Monday, August 5, 2013

It's Monday! What Are You Reading?

I finished Children of The Tipi by Michael Oren Fitzgerald. Although for a younger reader, I thoroughly enjoyed it. I had a chance to learn the values of different American tribes. The book is from NetGalley.
I also finished Too Important to Fail by Tavis Smiley. It's about the problems and solutions in the educational systems for the Black male in our society today.
Now I am reading Lady in Black by Christina Dodd. I am enjoying it. It's been a long time since I've read Christina Dodd. Whenever I read her in the past, I had a wonderful experience. In this one the butler is a lady. She is working with the grandfather and son of the household. The grandfather has suffered a stroke. Meanwhile, there are kidnapping letters coming in the mail. Threatening  to do harm to the grandfather whether he's in a wheel chair or not. The letters are awful. I can't imagine who is sending these notes.
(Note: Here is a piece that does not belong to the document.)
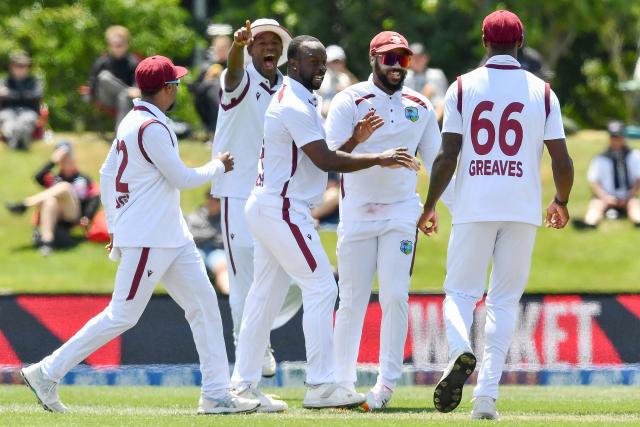 West Indies' Kemar Roach (C) celebrates the dismissal of New Zealand's Kane Williamson with teammates during day three of the first Test cricket match between New Zealand and West Indies at Hagley Oval in Christchurch on December 4, 2025. (Photo by Sanka Vidanagama / AFP)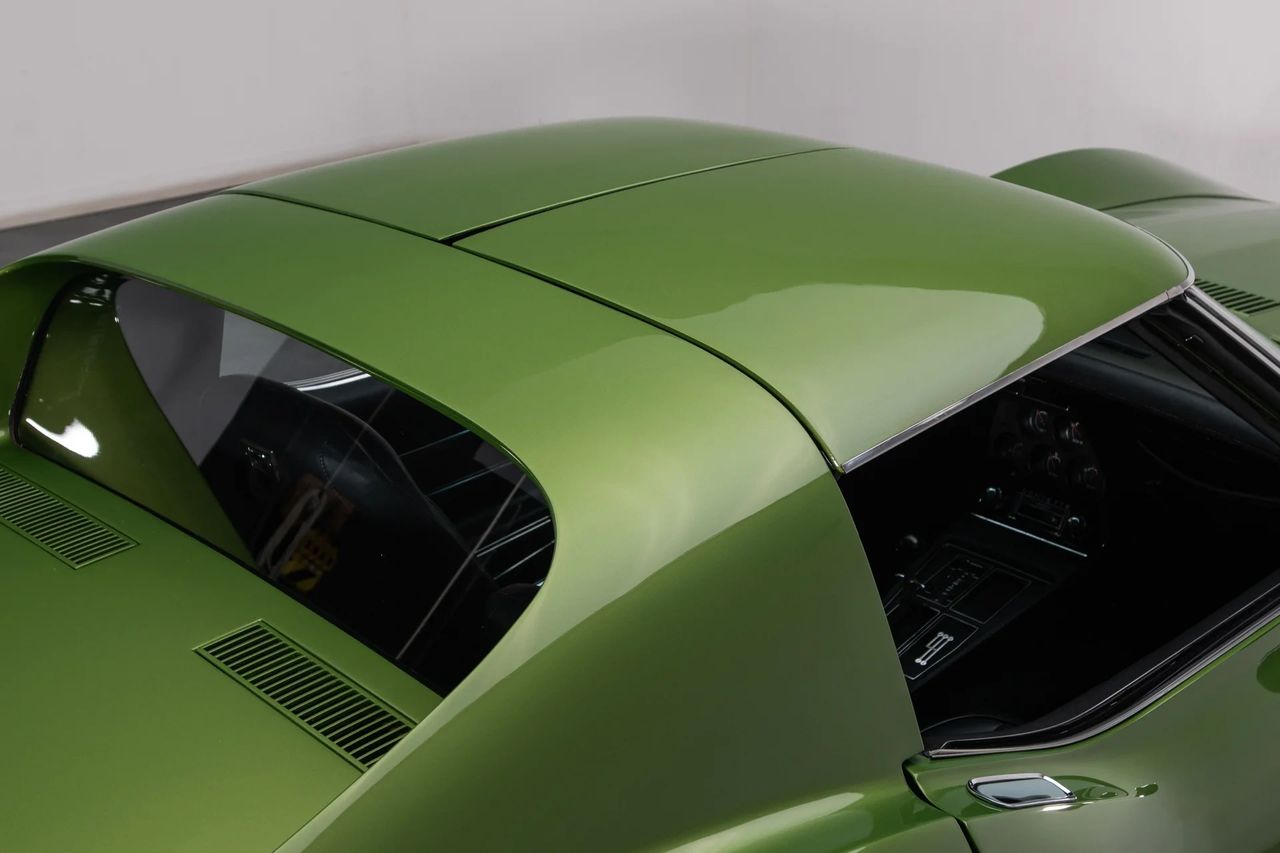 For the 1973 Corvette, fixing the rear glass delivered a real NVH win, even if the headlines were chasing bumpers and horsepower drama. Making the window permanent reduced wind turbulence and pressure pulses in the cabin, cutting the booming buffet that came with the old removable glass. With one solid, sealed light, Chevrolet also eliminated rattle points and air gaps, helping keep highway noise out instead of letting it echo in. The result was a cockpit that felt tighter, quieter, and less tiring at speed, without taking anything away from the character of the car. It was a small engineering decision that made a surprisingly big difference the longer you drove. (source: RK Motors)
Next I want to read The Incense Game by Laura Joh Rowland. It starts off with a bang. I hated to put it down to read Lady in Black. Anyway, it's in Japan. The story begins with a horrible earthquake. While reading, I literally felt that my body was shaking. That's how real the author paints the picture. Also, want to read Harriet Tubman's 30 Lessons in Leadership and Love and Legacy.